**PROBLEM REQUIREMENTS**.
Within the material below, transcribe exactly the lines from the one holding "UGG Kids Bailey" through the one holding "Veliki Partizanovac zaprosio", keeping both ends and skipping the rest.

**DATA FOR THIS EXERCISE**.

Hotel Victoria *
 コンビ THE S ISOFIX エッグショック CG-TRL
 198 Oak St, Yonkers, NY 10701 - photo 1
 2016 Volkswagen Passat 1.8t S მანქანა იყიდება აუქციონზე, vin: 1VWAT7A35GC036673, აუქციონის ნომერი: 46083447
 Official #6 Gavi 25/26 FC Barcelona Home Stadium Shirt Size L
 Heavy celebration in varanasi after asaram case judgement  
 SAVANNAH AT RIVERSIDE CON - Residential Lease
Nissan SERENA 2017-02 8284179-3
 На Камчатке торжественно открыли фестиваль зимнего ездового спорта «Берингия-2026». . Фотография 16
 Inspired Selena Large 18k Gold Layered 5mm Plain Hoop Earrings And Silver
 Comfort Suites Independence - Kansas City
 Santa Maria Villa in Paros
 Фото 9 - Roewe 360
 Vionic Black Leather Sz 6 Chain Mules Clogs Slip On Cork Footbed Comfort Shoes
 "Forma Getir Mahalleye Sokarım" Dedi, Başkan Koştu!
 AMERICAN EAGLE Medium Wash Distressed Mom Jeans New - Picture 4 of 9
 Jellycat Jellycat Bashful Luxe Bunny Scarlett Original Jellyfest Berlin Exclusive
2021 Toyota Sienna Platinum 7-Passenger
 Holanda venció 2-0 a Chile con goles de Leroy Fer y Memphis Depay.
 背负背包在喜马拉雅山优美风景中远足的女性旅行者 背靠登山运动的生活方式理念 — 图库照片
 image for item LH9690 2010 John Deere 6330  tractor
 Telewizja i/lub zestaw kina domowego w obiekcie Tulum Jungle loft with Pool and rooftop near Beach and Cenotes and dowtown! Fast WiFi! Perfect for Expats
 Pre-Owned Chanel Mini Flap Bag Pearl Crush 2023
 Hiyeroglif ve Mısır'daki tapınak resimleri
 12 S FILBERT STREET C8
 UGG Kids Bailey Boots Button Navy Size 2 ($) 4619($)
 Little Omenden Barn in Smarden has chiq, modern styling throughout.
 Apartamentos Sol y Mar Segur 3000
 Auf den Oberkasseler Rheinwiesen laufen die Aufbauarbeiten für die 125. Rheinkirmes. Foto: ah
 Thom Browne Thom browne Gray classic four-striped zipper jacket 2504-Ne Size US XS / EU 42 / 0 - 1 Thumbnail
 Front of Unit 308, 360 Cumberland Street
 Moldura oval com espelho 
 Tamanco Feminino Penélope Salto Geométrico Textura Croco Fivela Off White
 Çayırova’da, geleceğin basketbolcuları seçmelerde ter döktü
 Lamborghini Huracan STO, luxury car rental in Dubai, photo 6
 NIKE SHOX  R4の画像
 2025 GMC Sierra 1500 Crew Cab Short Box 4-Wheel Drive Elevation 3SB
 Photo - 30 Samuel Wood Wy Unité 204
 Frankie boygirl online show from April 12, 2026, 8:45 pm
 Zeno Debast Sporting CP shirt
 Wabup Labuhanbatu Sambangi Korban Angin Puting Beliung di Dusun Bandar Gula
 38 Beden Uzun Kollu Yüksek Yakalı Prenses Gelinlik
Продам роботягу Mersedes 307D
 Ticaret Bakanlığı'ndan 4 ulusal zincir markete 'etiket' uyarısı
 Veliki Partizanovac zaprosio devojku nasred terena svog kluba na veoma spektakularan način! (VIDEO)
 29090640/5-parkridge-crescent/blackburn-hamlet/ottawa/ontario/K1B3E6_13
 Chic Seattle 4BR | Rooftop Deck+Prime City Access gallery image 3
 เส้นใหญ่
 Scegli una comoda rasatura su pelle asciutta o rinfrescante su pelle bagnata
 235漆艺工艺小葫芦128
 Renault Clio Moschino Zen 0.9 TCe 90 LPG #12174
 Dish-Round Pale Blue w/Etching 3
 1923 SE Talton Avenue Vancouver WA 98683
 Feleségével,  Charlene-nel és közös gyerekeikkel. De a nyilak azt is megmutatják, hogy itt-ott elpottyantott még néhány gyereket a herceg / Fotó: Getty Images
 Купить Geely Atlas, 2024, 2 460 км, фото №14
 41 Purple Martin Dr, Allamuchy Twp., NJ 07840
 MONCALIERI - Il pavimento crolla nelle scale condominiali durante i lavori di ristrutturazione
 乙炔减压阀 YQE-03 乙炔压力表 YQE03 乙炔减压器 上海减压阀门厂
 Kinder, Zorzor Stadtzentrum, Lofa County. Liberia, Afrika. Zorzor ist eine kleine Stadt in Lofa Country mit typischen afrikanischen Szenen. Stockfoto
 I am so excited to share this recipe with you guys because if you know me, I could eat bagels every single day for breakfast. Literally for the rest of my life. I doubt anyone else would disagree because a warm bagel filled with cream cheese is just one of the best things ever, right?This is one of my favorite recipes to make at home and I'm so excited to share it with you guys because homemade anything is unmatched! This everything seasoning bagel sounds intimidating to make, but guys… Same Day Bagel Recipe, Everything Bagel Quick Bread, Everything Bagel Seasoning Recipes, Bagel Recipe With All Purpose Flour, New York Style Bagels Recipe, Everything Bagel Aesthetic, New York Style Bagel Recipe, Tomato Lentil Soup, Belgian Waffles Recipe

**FINISHED TASK**.
 UGG Kids Bailey Boots Button Navy Size 2 ($) 4619($)
 Little Omenden Barn in Smarden has chiq, modern styling throughout.
 Apartamentos Sol y Mar Segur 3000
 Auf den Oberkasseler Rheinwiesen laufen die Aufbauarbeiten für die 125. Rheinkirmes. Foto: ah
 Thom Browne Thom browne Gray classic four-striped zipper jacket 2504-Ne Size US XS / EU 42 / 0 - 1 Thumbnail
 Front of Unit 308, 360 Cumberland Street
 Moldura oval com espelho 
 Tamanco Feminino Penélope Salto Geométrico Textura Croco Fivela Off White
 Çayırova’da, geleceğin basketbolcuları seçmelerde ter döktü
 Lamborghini Huracan STO, luxury car rental in Dubai, photo 6
 NIKE SHOX  R4の画像
 2025 GMC Sierra 1500 Crew Cab Short Box 4-Wheel Drive Elevation 3SB
 Photo - 30 Samuel Wood Wy Unité 204
 Frankie boygirl online show from April 12, 2026, 8:45 pm
 Zeno Debast Sporting CP shirt
 Wabup Labuhanbatu Sambangi Korban Angin Puting Beliung di Dusun Bandar Gula
 38 Beden Uzun Kollu Yüksek Yakalı Prenses Gelinlik
Продам роботягу Mersedes 307D
 Ticaret Bakanlığı'ndan 4 ulusal zincir markete 'etiket' uyarısı
 Veliki Partizanovac zaprosio devojku nasred terena svog kluba na veoma spektakularan način! (VIDEO)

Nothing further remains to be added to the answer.